Contracts need scrutiny for ‘unfairness’
BUSINESS leaders are going to have to get their heads around new small business contract law provisions and modify their approaches, according to Optimum Recoveries managing director Angela McDonald
New provisions came into force in November to help protect small businesses from unfair terms in contracts – and they also apply to standard form contracts entered into or renewed from November 12, 2016.
Ms McDonald said the law highlighted some examples of terms that may be unfair, including terms that enable a business to avoid or limit their obligations under the contract; enable a business to terminate the contract; penalise a business for breaching or terminating the contract; or enable a business to vary the terms of the contract.
“Most small businesses use standard form contracts: these are ‘generic’ contracts where the other party has little or no opportunity to negotiate the terms – in other words, take it or leave it,” Ms McDonald said.
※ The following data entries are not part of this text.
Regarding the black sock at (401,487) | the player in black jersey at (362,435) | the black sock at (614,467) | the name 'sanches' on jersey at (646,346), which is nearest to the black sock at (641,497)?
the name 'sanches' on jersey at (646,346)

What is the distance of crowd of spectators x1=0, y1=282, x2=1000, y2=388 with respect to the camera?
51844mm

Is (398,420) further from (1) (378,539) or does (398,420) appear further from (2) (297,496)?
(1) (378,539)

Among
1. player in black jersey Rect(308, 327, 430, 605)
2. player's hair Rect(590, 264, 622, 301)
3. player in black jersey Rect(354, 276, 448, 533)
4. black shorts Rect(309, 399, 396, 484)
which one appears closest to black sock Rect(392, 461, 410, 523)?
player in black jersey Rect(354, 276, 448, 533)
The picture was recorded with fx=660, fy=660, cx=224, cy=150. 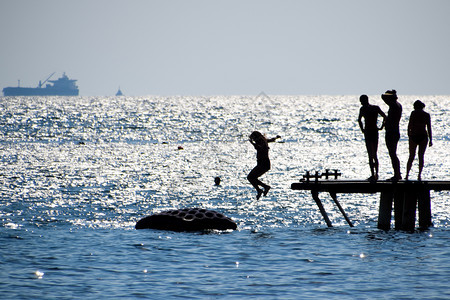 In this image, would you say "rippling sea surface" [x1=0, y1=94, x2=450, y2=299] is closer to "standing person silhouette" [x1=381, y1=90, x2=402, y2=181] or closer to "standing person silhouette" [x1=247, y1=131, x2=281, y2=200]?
"standing person silhouette" [x1=247, y1=131, x2=281, y2=200]

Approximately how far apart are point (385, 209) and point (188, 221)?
662 cm

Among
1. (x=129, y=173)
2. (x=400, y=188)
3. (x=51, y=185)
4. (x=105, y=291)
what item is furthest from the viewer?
(x=129, y=173)

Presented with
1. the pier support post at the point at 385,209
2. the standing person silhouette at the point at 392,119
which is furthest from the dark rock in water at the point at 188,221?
the standing person silhouette at the point at 392,119

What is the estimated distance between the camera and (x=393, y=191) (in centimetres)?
2086

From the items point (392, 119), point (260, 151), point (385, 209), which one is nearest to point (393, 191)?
point (385, 209)

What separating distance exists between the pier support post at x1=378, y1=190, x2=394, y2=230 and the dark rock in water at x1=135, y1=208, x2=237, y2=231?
5.08 metres

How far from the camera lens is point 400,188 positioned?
2052cm

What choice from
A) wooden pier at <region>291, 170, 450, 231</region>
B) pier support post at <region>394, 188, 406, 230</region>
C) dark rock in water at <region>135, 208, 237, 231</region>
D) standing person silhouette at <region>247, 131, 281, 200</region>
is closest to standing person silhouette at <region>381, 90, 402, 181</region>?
wooden pier at <region>291, 170, 450, 231</region>

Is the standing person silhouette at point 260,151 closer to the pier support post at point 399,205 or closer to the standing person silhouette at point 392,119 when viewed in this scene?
the standing person silhouette at point 392,119

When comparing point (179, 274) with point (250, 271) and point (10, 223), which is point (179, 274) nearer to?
point (250, 271)

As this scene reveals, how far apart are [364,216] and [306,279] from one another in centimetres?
1257

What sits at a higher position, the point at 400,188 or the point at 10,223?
the point at 400,188

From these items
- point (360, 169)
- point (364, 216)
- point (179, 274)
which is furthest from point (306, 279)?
point (360, 169)

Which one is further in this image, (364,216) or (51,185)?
(51,185) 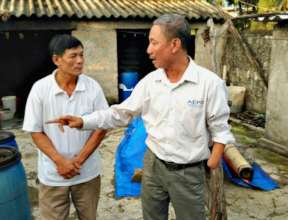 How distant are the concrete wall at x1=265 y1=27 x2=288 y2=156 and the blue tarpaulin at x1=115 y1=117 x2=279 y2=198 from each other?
4.82ft

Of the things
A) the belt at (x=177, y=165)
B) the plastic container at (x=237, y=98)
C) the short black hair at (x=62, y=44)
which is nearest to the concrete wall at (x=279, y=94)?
the plastic container at (x=237, y=98)

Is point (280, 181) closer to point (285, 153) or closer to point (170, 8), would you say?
point (285, 153)

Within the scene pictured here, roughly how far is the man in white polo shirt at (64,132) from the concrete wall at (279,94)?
478cm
“If a court or tribunal finds that a term is ‘unfair’, the term will be considered void – this means it is not binding on the parties,” she said. “The rest of the contract will continue to bind the parties to the extent it is capable of operating without the unfair term.”
Ms McDonald said most of Optimum’s clients were seeking urgent assistance with standard form contracts they were presently using, to ensure they were legally binding under the new laws.
These included franchise agreements, manufacturing and distribution agreements, business terms and conditions, licence agreements, service agreements and leases. Optimum Recoveries is a 2016 Queensland Leaders Executive Member.